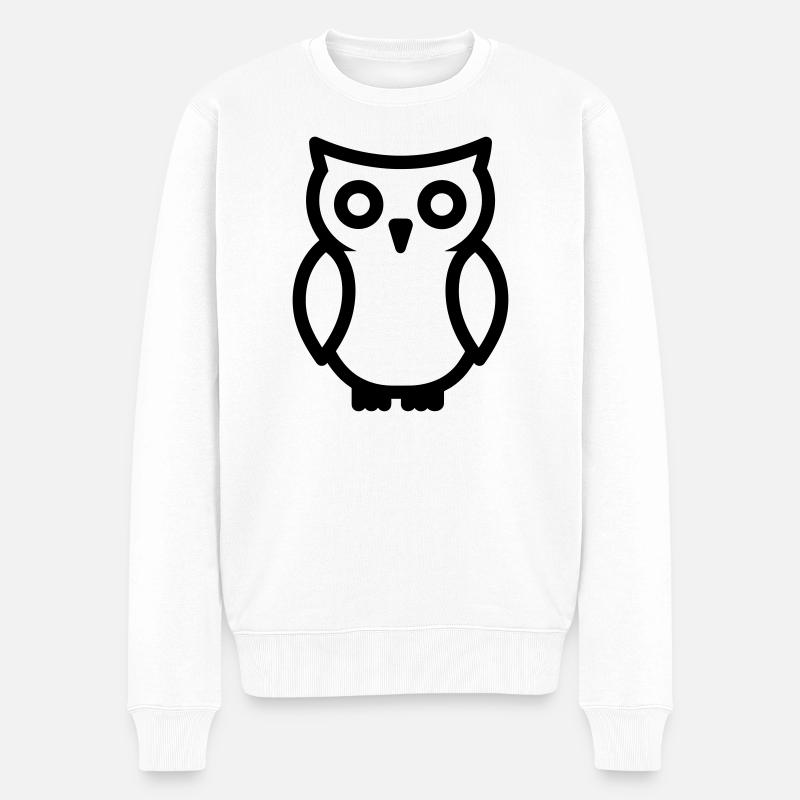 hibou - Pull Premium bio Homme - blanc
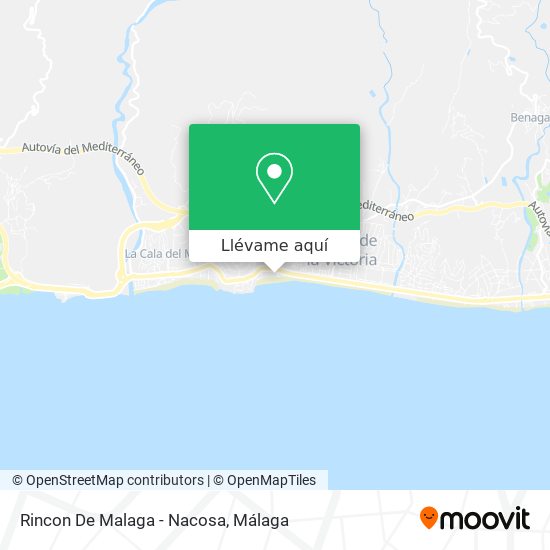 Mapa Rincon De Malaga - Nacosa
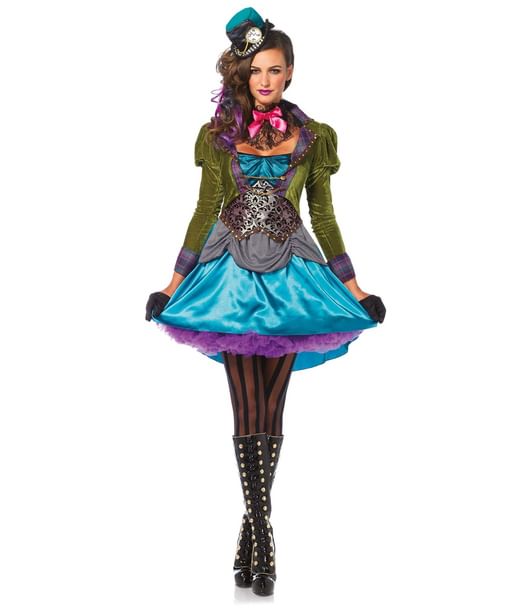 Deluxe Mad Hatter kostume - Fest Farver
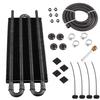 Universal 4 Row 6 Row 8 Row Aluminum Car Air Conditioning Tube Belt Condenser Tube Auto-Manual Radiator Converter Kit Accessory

**Work item:**
What you give back should be exactly the lines from the line holding "Deluxe Mad Hatter kostume - Fest Farver" through the final line of the material, both ends included, and please leave out the pictures.

**Solution for this exercise:**
 Deluxe Mad Hatter kostume - Fest Farver
 Universal 4 Row 6 Row 8 Row Aluminum Car Air Conditioning Tube Belt Condenser Tube Auto-Manual Radiator Converter Kit Accessory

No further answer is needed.